Task material:
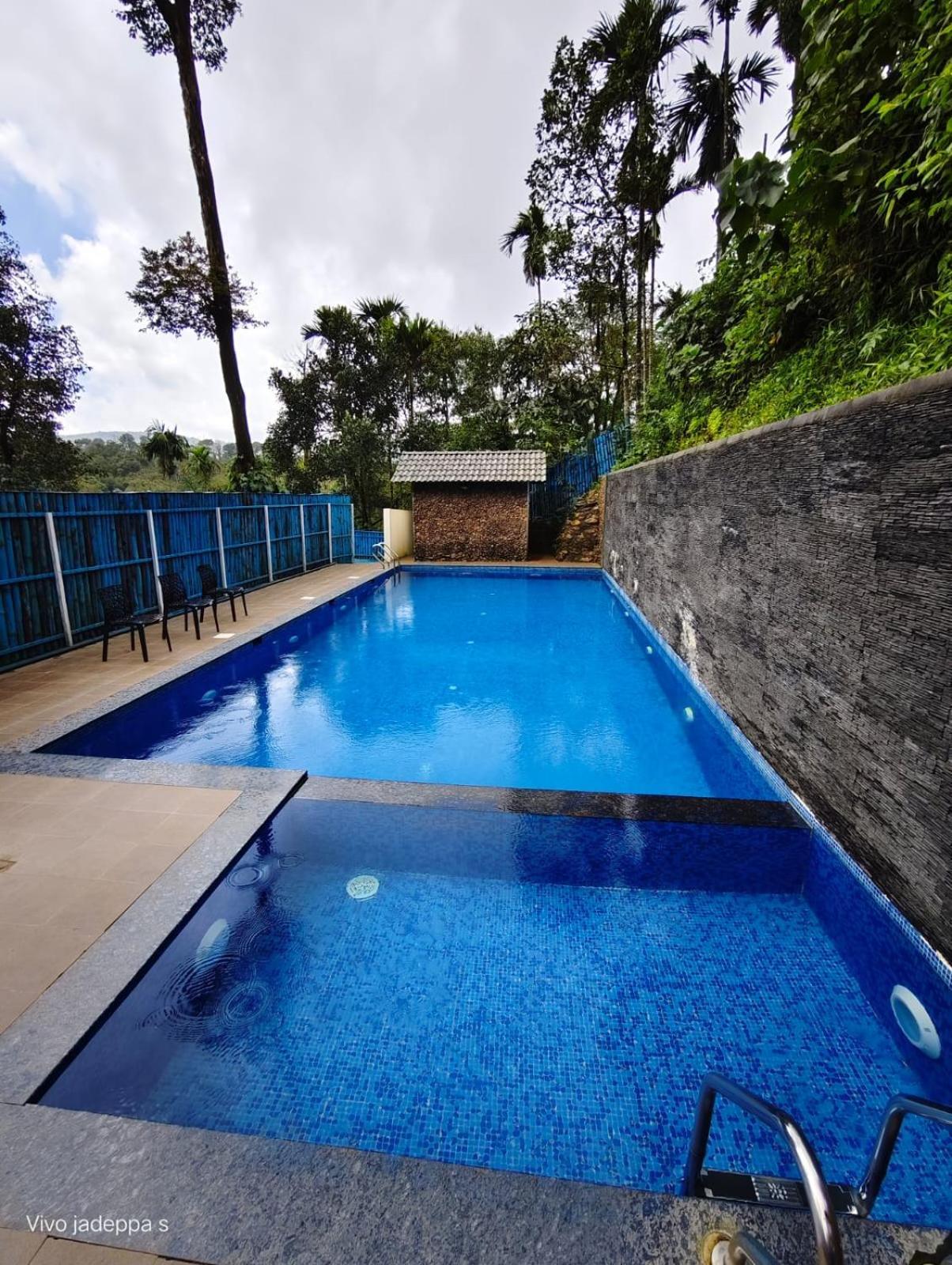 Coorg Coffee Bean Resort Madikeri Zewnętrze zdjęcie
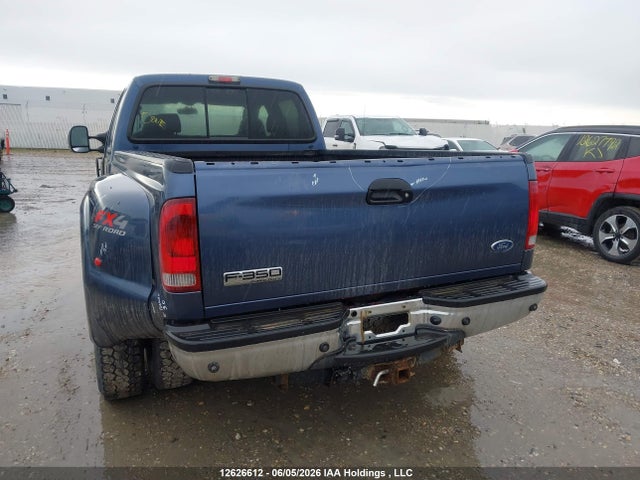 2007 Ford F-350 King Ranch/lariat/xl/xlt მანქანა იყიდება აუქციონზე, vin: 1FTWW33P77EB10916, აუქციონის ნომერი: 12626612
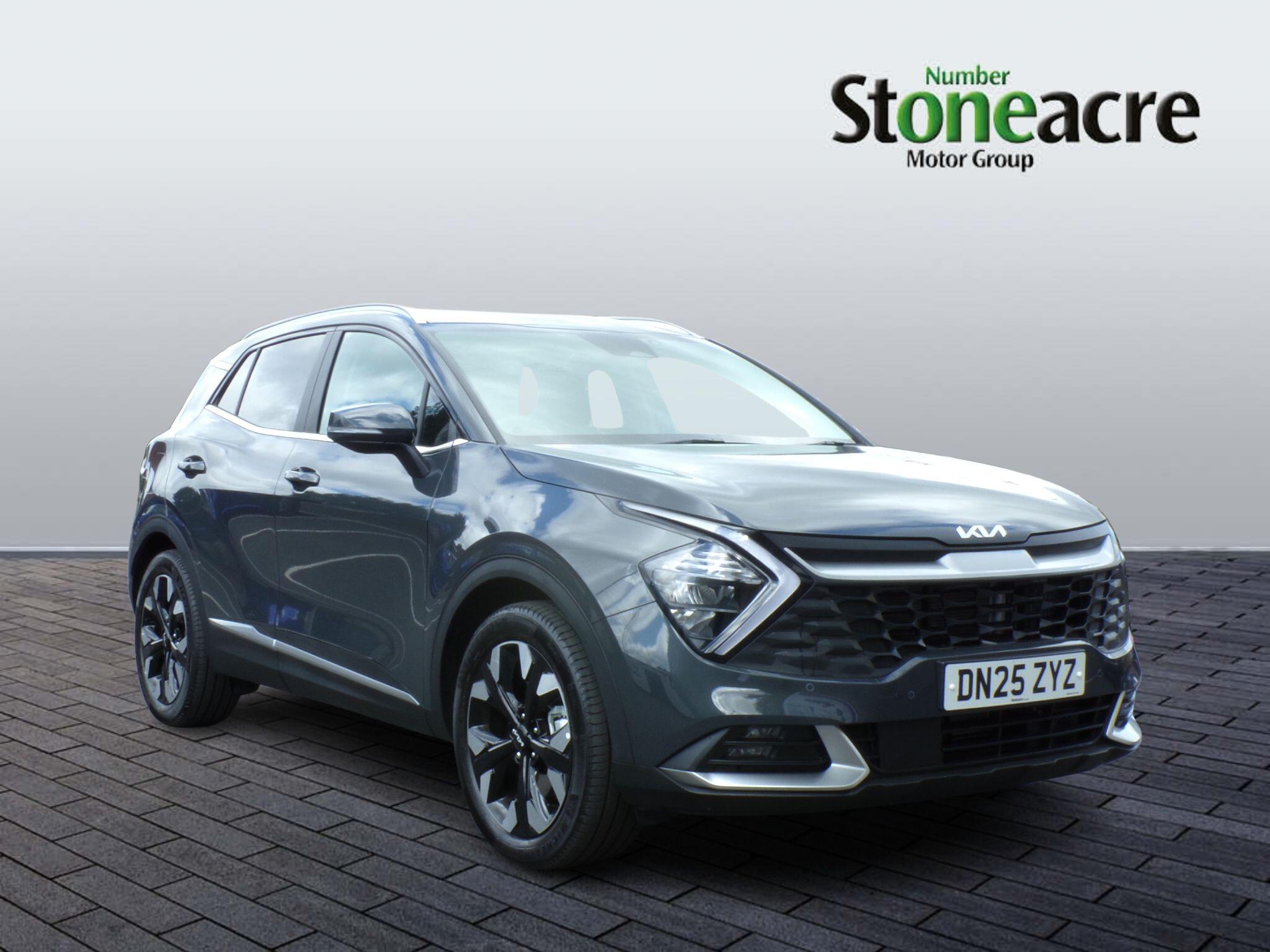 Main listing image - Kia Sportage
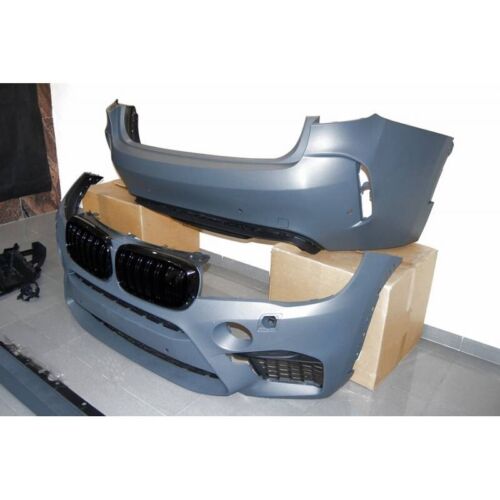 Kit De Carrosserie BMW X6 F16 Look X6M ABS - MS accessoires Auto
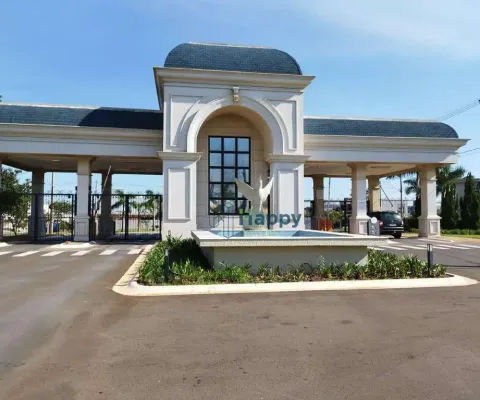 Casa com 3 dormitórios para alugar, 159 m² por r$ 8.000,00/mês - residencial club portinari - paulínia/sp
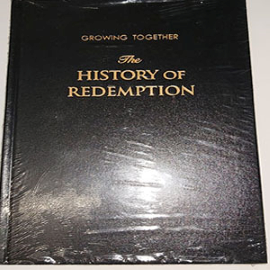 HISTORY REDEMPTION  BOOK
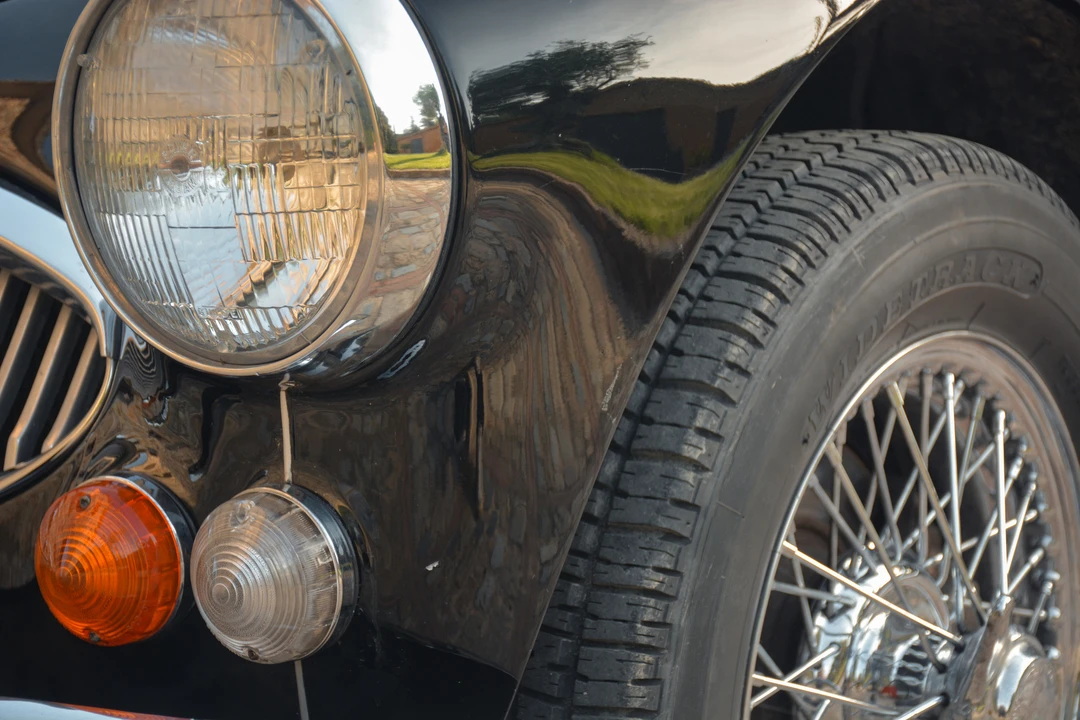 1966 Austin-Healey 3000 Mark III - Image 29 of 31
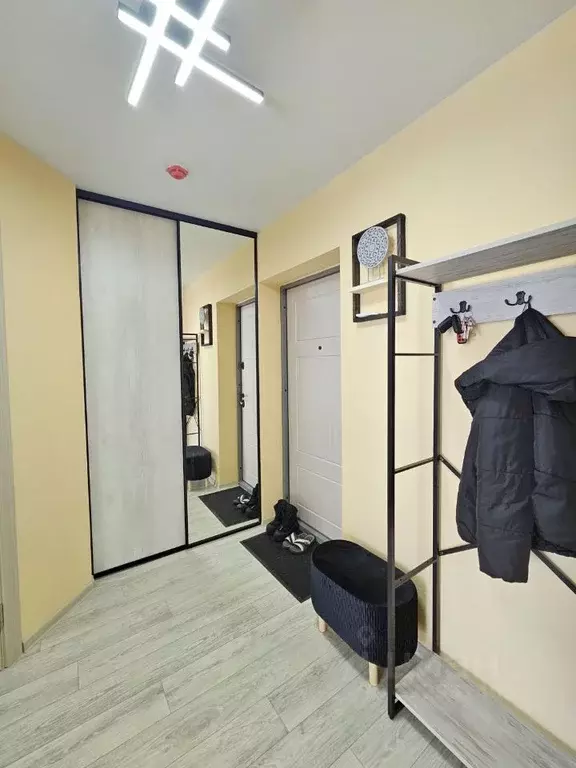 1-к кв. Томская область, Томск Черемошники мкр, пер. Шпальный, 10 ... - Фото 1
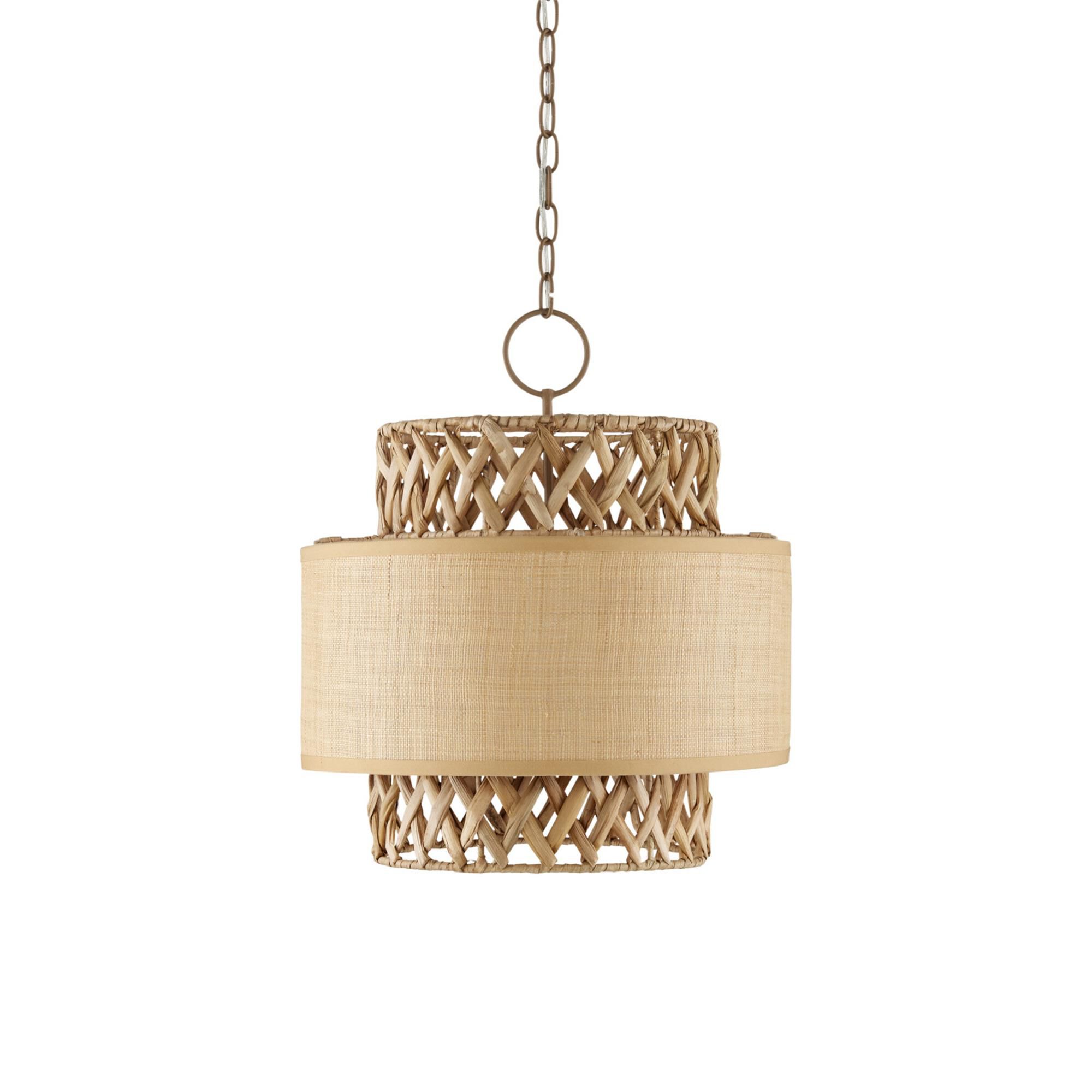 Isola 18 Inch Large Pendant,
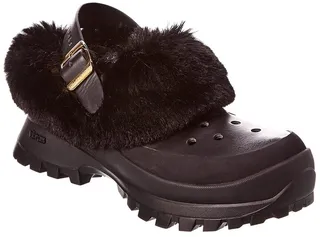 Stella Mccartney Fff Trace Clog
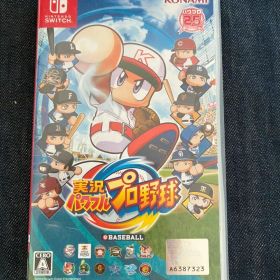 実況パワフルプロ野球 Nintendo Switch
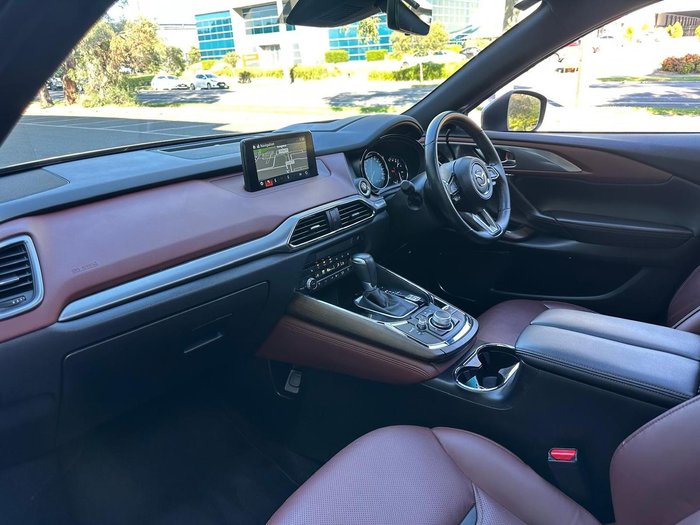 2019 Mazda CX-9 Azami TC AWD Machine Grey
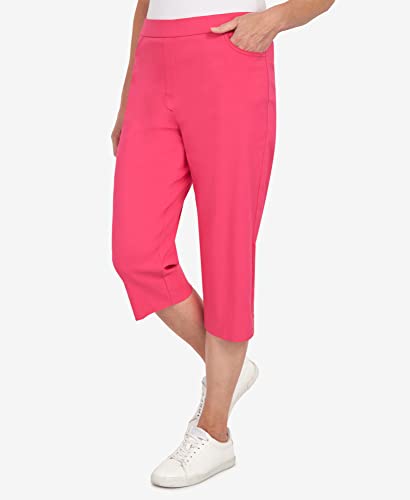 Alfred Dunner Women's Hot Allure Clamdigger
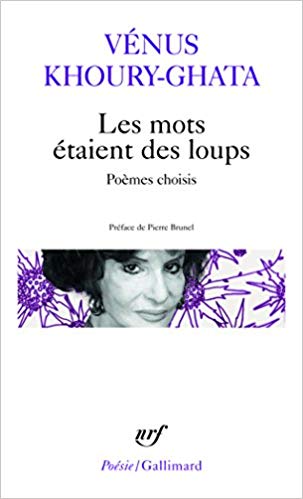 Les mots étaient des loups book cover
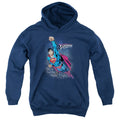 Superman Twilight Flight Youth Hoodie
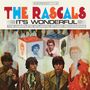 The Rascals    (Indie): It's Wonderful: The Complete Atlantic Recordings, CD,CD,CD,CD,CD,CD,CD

Problem requirements:
May I have only the lines from the start of the data through the line containing "1966 Austin-Healey 3000", both included, reproduced exactly and without the pictures?

Your response:
 Coorg Coffee Bean Resort Madikeri Zewnętrze zdjęcie
 2007 Ford F-350 King Ranch/lariat/xl/xlt მანქანა იყიდება აუქციონზე, vin: 1FTWW33P77EB10916, აუქციონის ნომერი: 12626612
 Main listing image - Kia Sportage
 Kit De Carrosserie BMW X6 F16 Look X6M ABS - MS accessoires Auto
 Casa com 3 dormitórios para alugar, 159 m² por r$ 8.000,00/mês - residencial club portinari - paulínia/sp
 HISTORY REDEMPTION  BOOK
 1966 Austin-Healey 3000 Mark III - Image 29 of 31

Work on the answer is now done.